I asked, “What else do you think it could be, if not a migraine?”
“Oh, you know,” she said (I’m paraphrasing). “Buried aneurysm.”
She left the room to write me a note and I waited another 20 minutes wondering, “Should I call Rob? Do I really want him to leave in the middle of his second day at work? I’ll just go by myself. It will be fine. But what if it is an aneurysm? At what point do I call Rob and tell him, ‘Hey, I’m at the ER. Gonna have some brain surgery.'”
I started to freak out a little. And cry. And feel pissed off that every minute I spent waiting for the Walk-In Clinic to release me was a minute I should be putting toward my ER wait. When the nurse finally came back, she told me that she had been trying to reach my doctor to find out what I took for my last migraine, but no one answered the phone there. I could have told her that you can never get anyone on the phone there.
I went to my car, head throbbing, and called Rob. When he answered, I wailed, “I’m freaking out,” and filled him in.

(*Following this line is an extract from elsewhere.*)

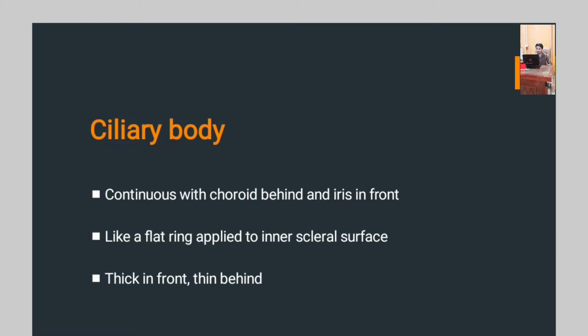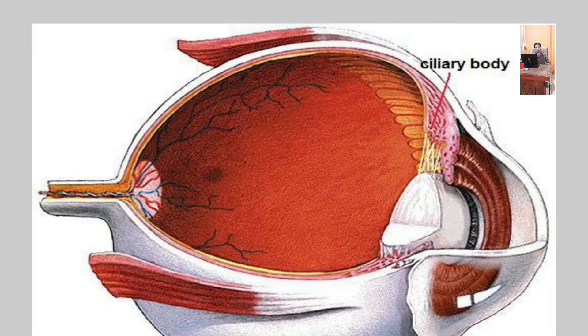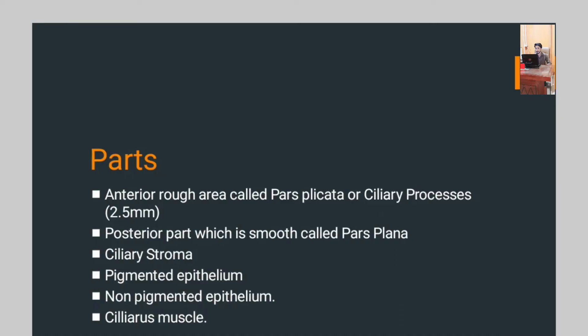The next component of the uveal tract is the ciliary body, continuous with the choroid behind and the iris in front. It is like a flat ring applied to the inner scleral surface, thick in front and thin behind. As you can see in the picture, the ciliary body is mentioned here. The anterior portion, called pars plicata, bears the ciliary processes, which is 2.5 mm.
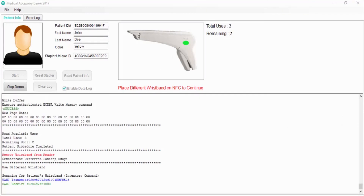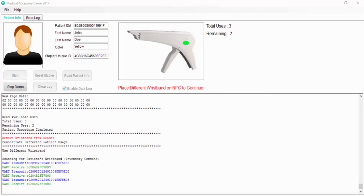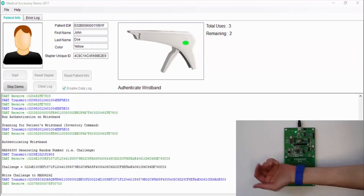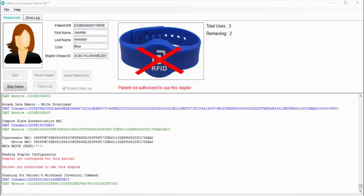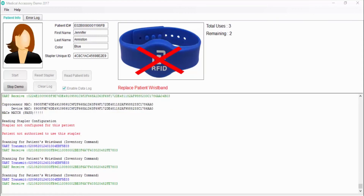I am using the blue wristband, and this can represent a second patient requiring a procedure with the same type of accessory. It is possible that a mistake could be made when the person providing the treatment incorrectly tries to use the stapler assigned to the previous patient. The software authenticates the patient and gets her information. The software reads the patient's ID from the wristband and compares it to the patient's value securely programmed into the stapler. In this case, the software detects the stapler has been assigned to a different patient and stops the procedure, preventing the disposable from being used again by mistake.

He very calmly came up with a plan to have his mom pick me up where I was and take me to the ER. That’s when I realized he couldn’t come get me himself anyway, because I had driven him to work. He’d have to take the bus home to get his car.
He told me later that when he first heard me crying, he assumed something bad had happened to the dogs. Of course he had. That’s always my first fear, too. Not that he then thought, “Oh, phew. The dogs are fine. Kari’s just having an aneurysm.” No, he thought of Bret Michaels, infamous Lothario and lead singer of the band Poison, who went to the ER a few years ago with the worst headache of his life, which turned out to be a cerebral hemorrhage.
The Physician Assistant’s note fails to bump me to the front of the triage line, and I start to doubt that I have an aneurysm at all. I realize that my detour to the Walk-In Clinic was a complete waste of time, but it’s not until well into the next day that I start to wonder about that $20 copay. What did I pay for exactly? Do I have recourse to ask for a refund? I mean, she probably spent as much time “examining” me and writing my “note” as she spent with the out-of-town baby with an ear infection who came in after me and left while I was waiting for Rob’s mom to pick me up. But the P.A. didn’t DO anything for me. I was at the Walk-In Clinic for TWO HOURS with a throbbing headache that could have been a brain aneurysm!
Is that my fault for making the wrong choice? I could have gone straight to the ER, but I went to the Walk-In thinking it would be more efficient for me, and not waste the time of those busy ER doctors treating real life-threatening ailments. My visit to the Walk-In Clinic was a gamble where I bet $20 (and two hours of my time) that they could help me, and I lost.